Saturday, March 18th, 2006

So I decided that I would try to make a little podcast radio show. This is the first attempt. The idea is to pick songs that kind of follow the things I’ve been doing and thinking about. The first show is songs that I discovered or thought of from my most recent trip out of town, to Detroit at the beginning of the month, and things I’ve heard in the last few weeks from around Bloomington before I leave town again tomorrow.

Set 1 - Detroit

  • Martha Reeves & The Vandellas - Heatwave - Motown Legends Girl Groups Comp (Motown)
  • Boxcars - Shadows - Demo CDR (Self-released)
  • Violence and Tragedy - Above All - Breaking Ground Mixtape Comp (Detroit Summer Collective)
  • The Gibbons - The War On Terrorism Part One - Hope, Inc. (Salinas)
  • Blair - Into Darkness - Jet Black White Noise (Self Released?)

Set 2 - Bloomington

  • Matt & Kim - Silver Tiles - S/T CDR (that comes in the envelope with stamps, stains and postmarks) (Self-released)
  • Shapes & Sizes - Islands Gone Bad - Self-titled? (Self-released?)
  • Gal & Lad - Gardener - Demo CDR (Self-released)
  • Lemuria - Piranha - Self-titled (Art of the Underground/Standstill)
  • Mt. Gigantic - Raechel and her Children - Old Smiler (Friends & Relatives/Harlan)
  • Ganglion - Internal Compustion - Of The Deep (Self-released)

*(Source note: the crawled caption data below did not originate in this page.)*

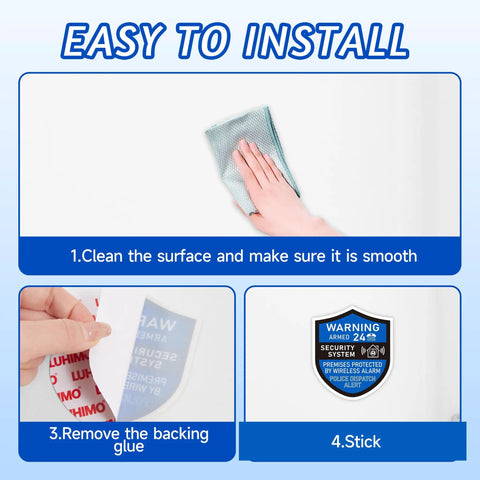 Installation steps for 3 Pack Home Security Alarm Signs Weatherproof Self Adhesive 24 Hour Warning Stickers on a surface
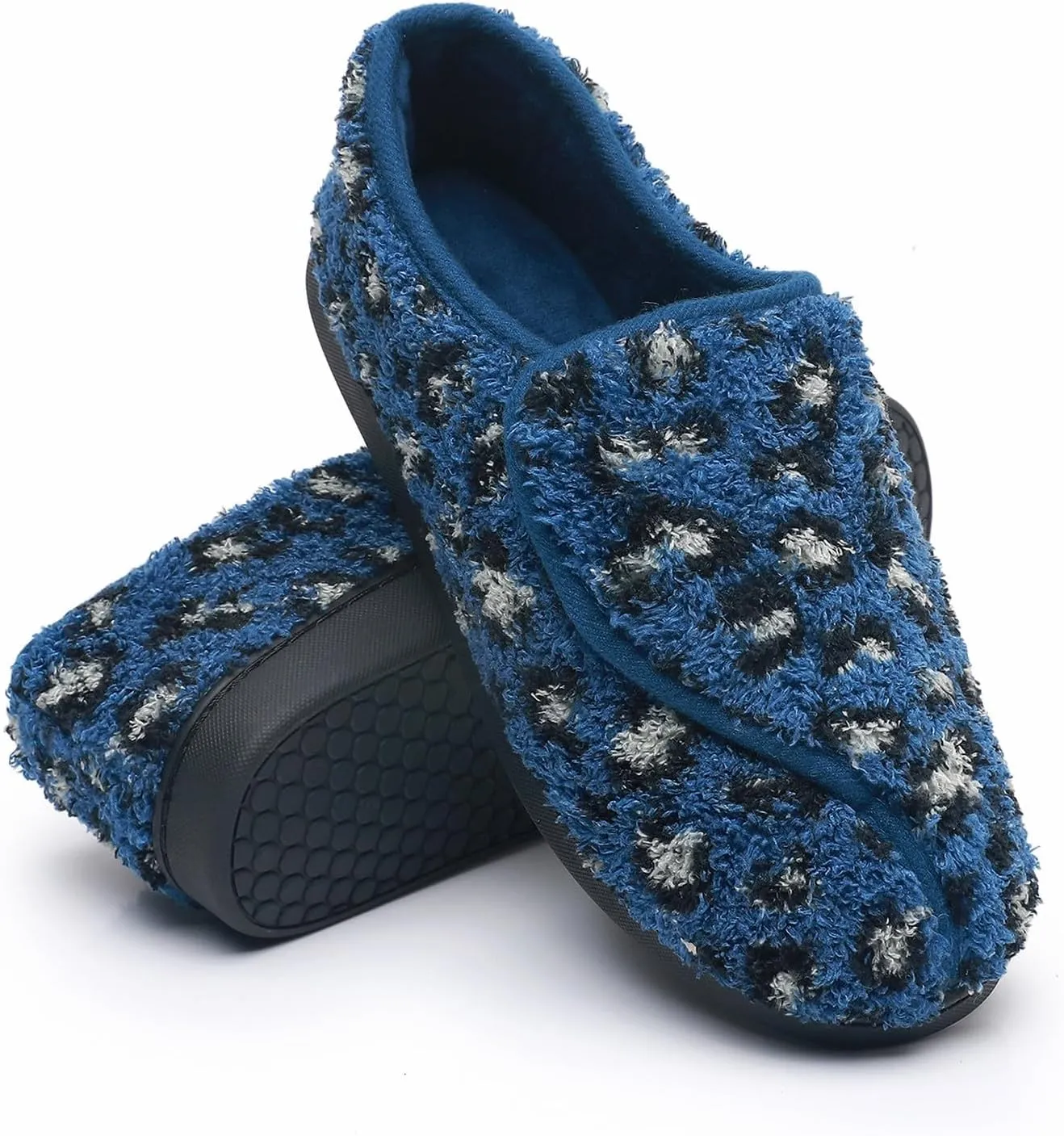 Git-up Women Memory Foam Diabetic Slippers Arthritis Edema Adjustable Closed Toe Swollen Feet Slippers Comfortable House Indoor Outdoor Shoes with Rubber Sole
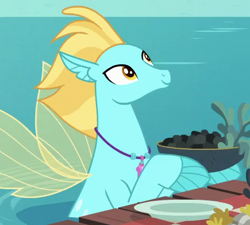Size: 455x410 | Tagged: safe, screencap, morning horizon, seapony (g4), g4, surf and/or turf, bowl, cropped, female, fin wings, fins, food, jewelry, looking up, necklace, ocean, outdoors, partially submerged, plate, smiling, solo, water, wings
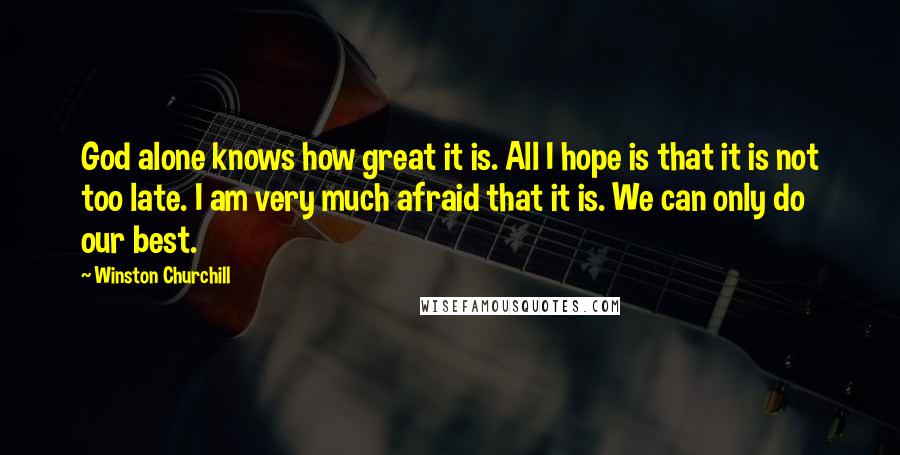 Winston Churchill Quotes: God alone knows how great it is. All I hope is that it is not too late. I am very much afraid that it is. We can only do our best.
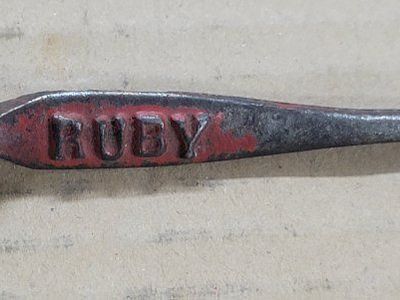 Vintage Ruby Glass Cutter Tool - Cast Iron Hand Tool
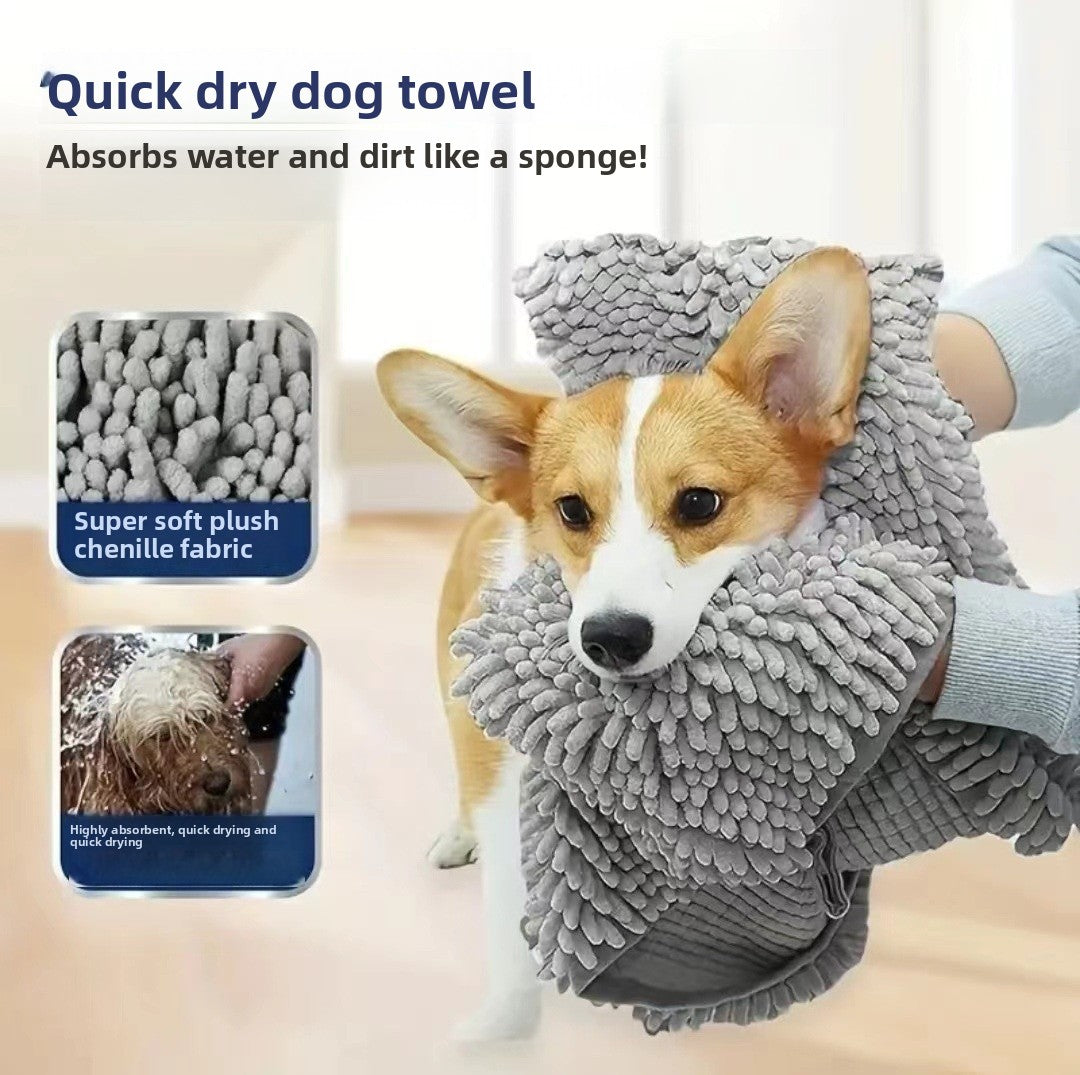 Quick-Dry Chenille Dog Bath Towel, Absorbent Microfibre for Pets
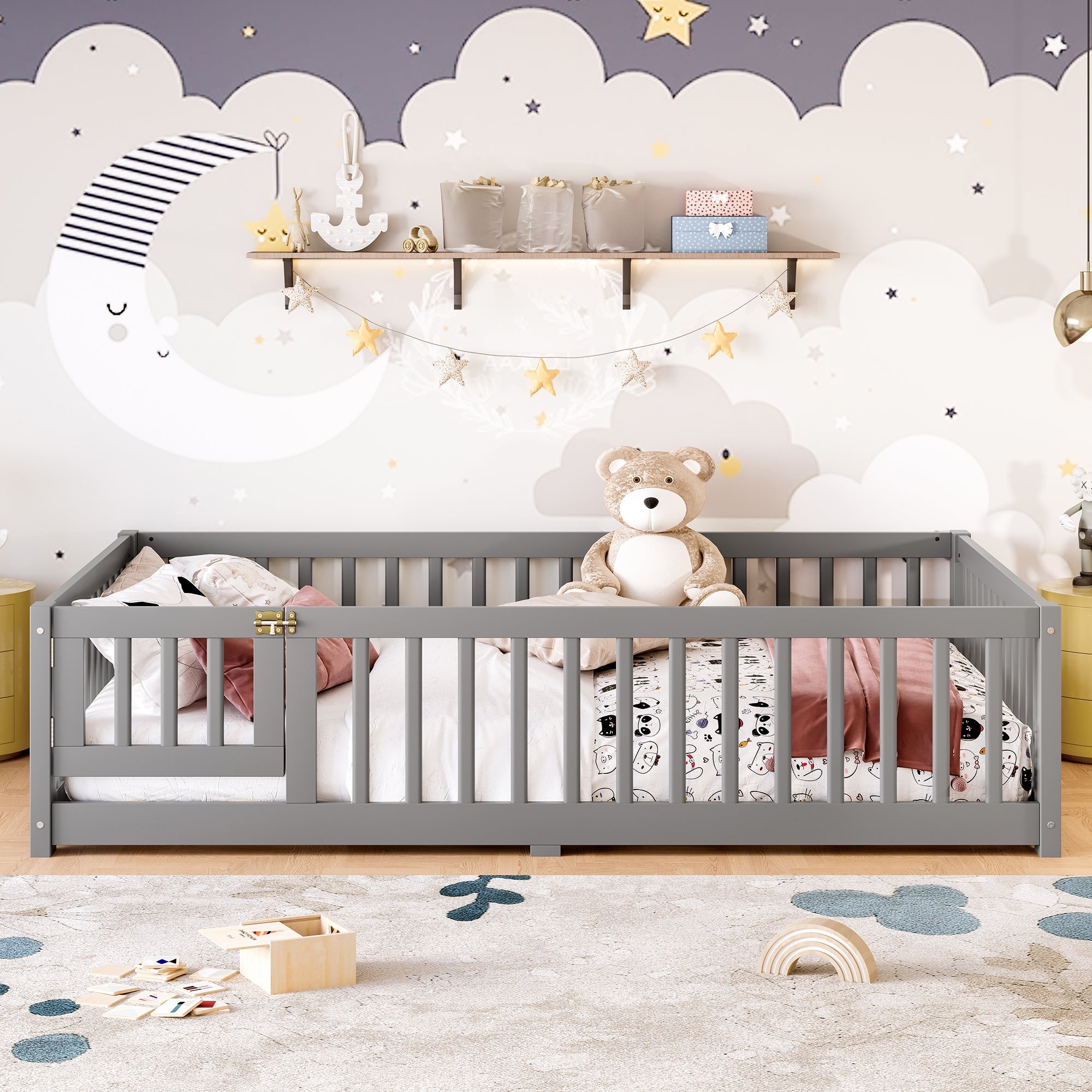 Bellemave® Full Size Floor Bed with Safety Guardrails and Door for Kids, Natural - Bellemave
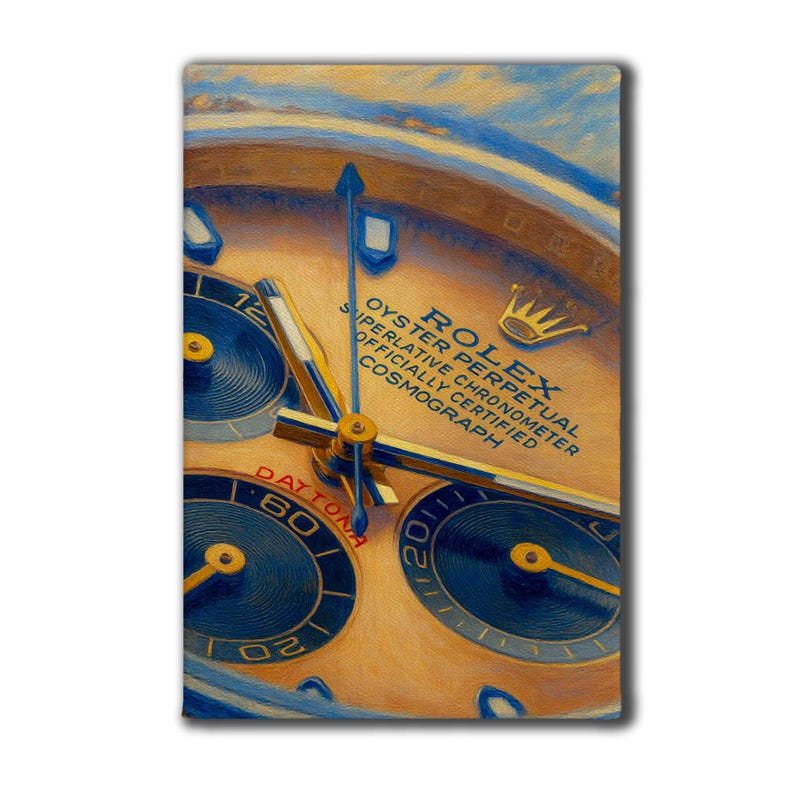 Rolex Daytona Chronograph Canvas Print, Luxury Watch Wall Art, Gold Dial Timepiece Painting, Modern Office Decor, Gift for Him image 2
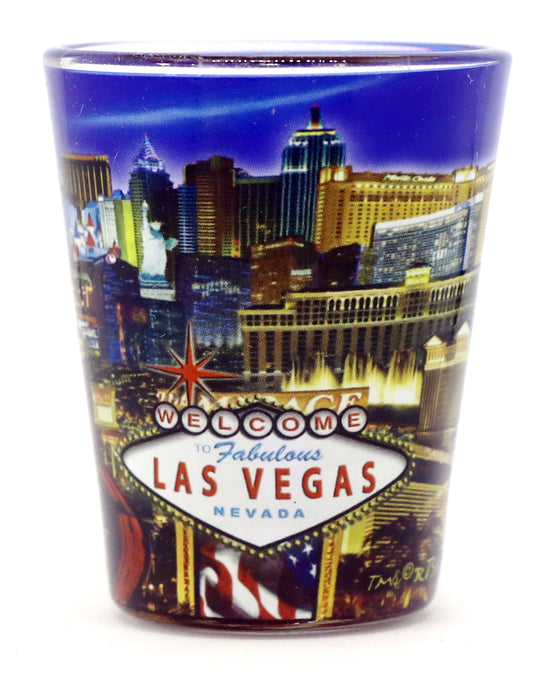 Las Vegas Nevada Blue Strip Shot Glass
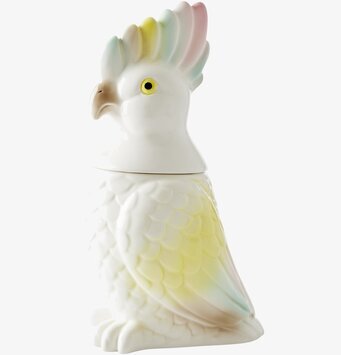 Porslinsburk Kakadua från Rice med detaljerad kakaduaform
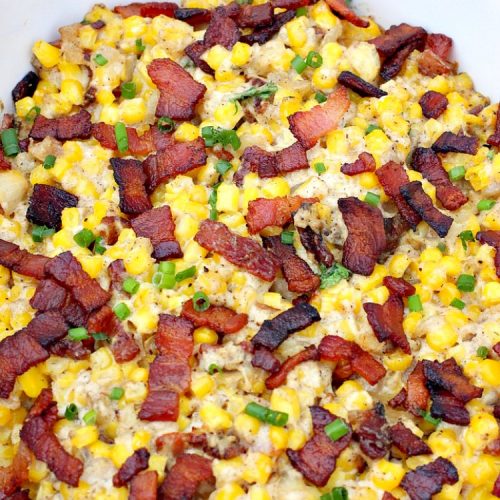 Corny Bacon Casserole | Can't Stay Out of the Kitchen | this delightful #CornCasserole is terrific for #holiday menus like #MothersDay or #FathersDay. It's chocked full of #corn & #bacon & so scrumptious everyone will want extra servings! #CornyBaconCasserole #SideDish #HolidaySideDish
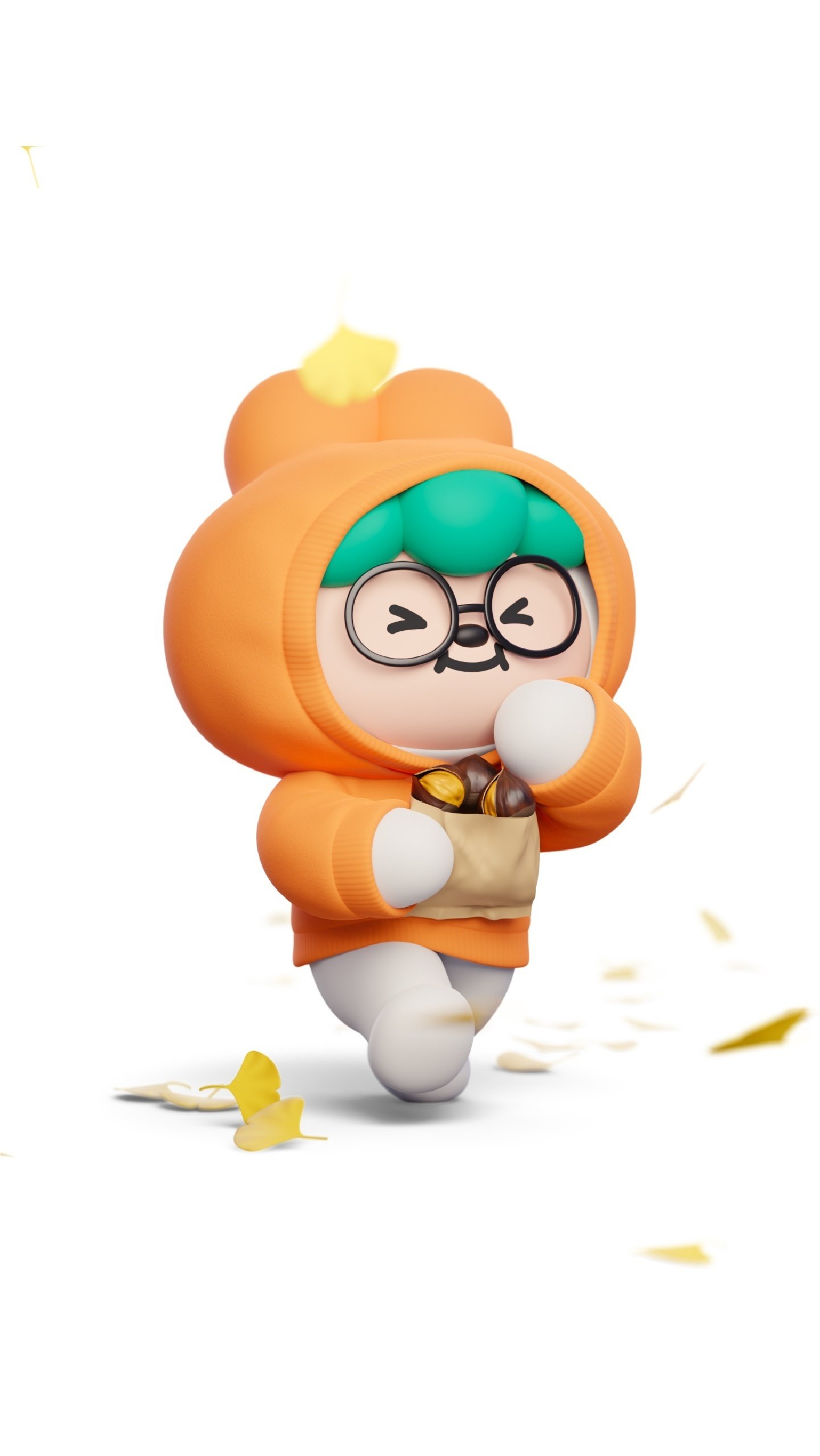 秋と栗を楽しむキャロのキャラクター壁紙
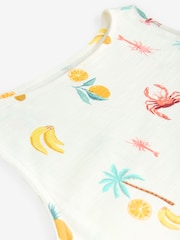 Ecru Tropical Print Sleeveless Drop Waist 100% Cotton Crew Neck Midi Dress - Image 7 of 8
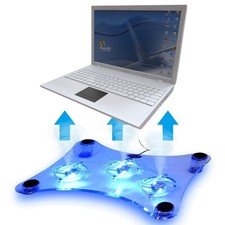 3 Fans USB Cooler Cooling Pad Stand LED Light Radiator for Laptop PC Notebook picture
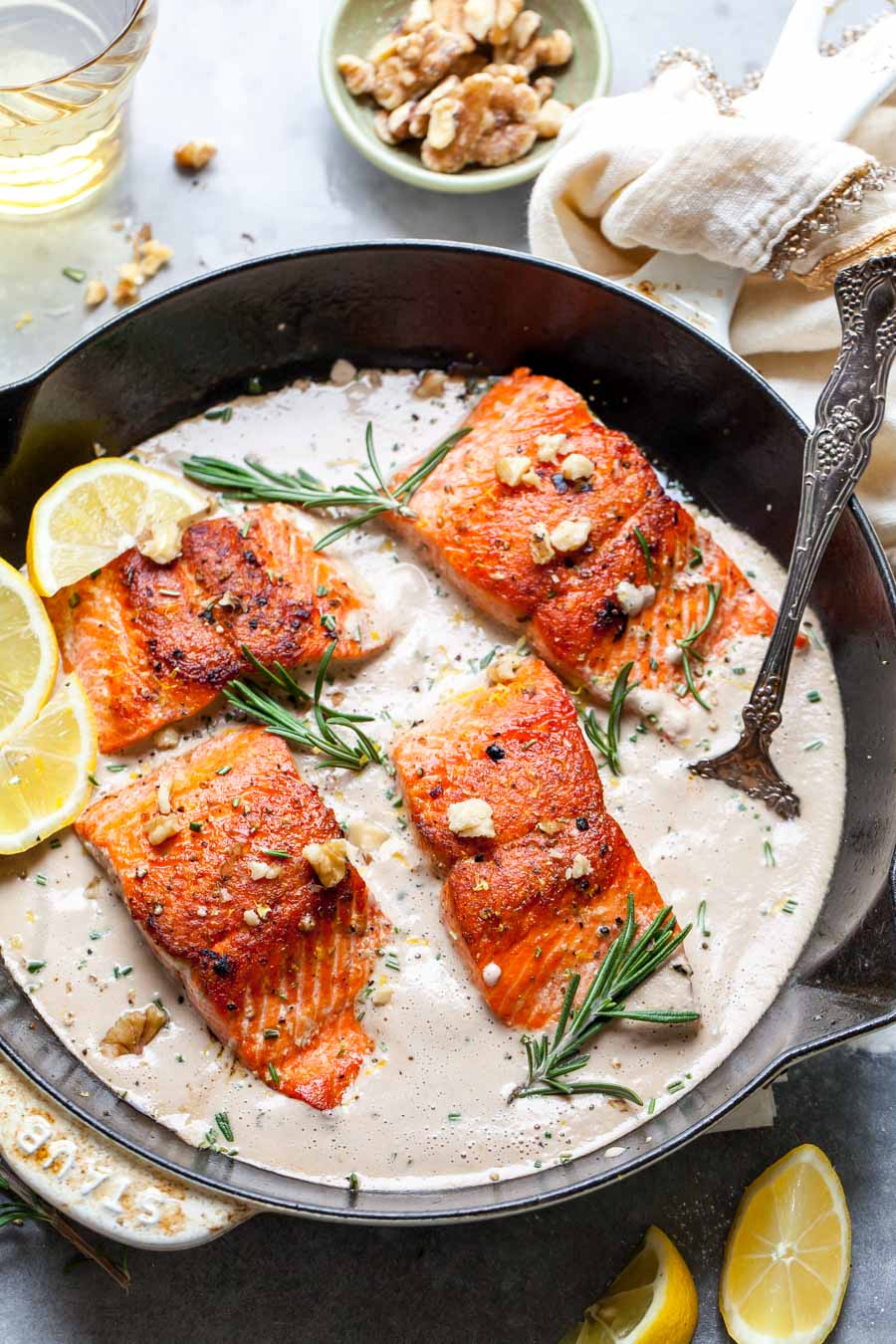 Pan-Seared Salmon with Creamy Walnut-Rosemary Sauce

To listen, use the links below:

Things I learned today

Saturday, March 18th, 2006

The domestic chicken evolved from the Red Jungle Fowl, originally found in south Asia.

hospedaje = hosting (web) in castellano

prison issues articles

Friday, March 17th, 2006

I made a couple of posts to the blog at pagestoprisoners.org about media that I came across or that Megan e-mailed to me from spring break:

awake, misguided

Friday, March 17th, 2006

“One of the great liabilities of history is that all to many people fail to remain awake through great periods of social change. Every society has its protectors of the status quo and its fraternities of the indifferent who are notorious for sleeping through revolutions. But today our very survival depends on our ability to stay awake, to adjust to new ideas, to remain vigilant and to face the challenge of change. The large house in which we live demands that we transform this world-wide neighborhood into a world-wide brotherhood. Together we must learn to live as brothers or together we will be forced to perish as fools.”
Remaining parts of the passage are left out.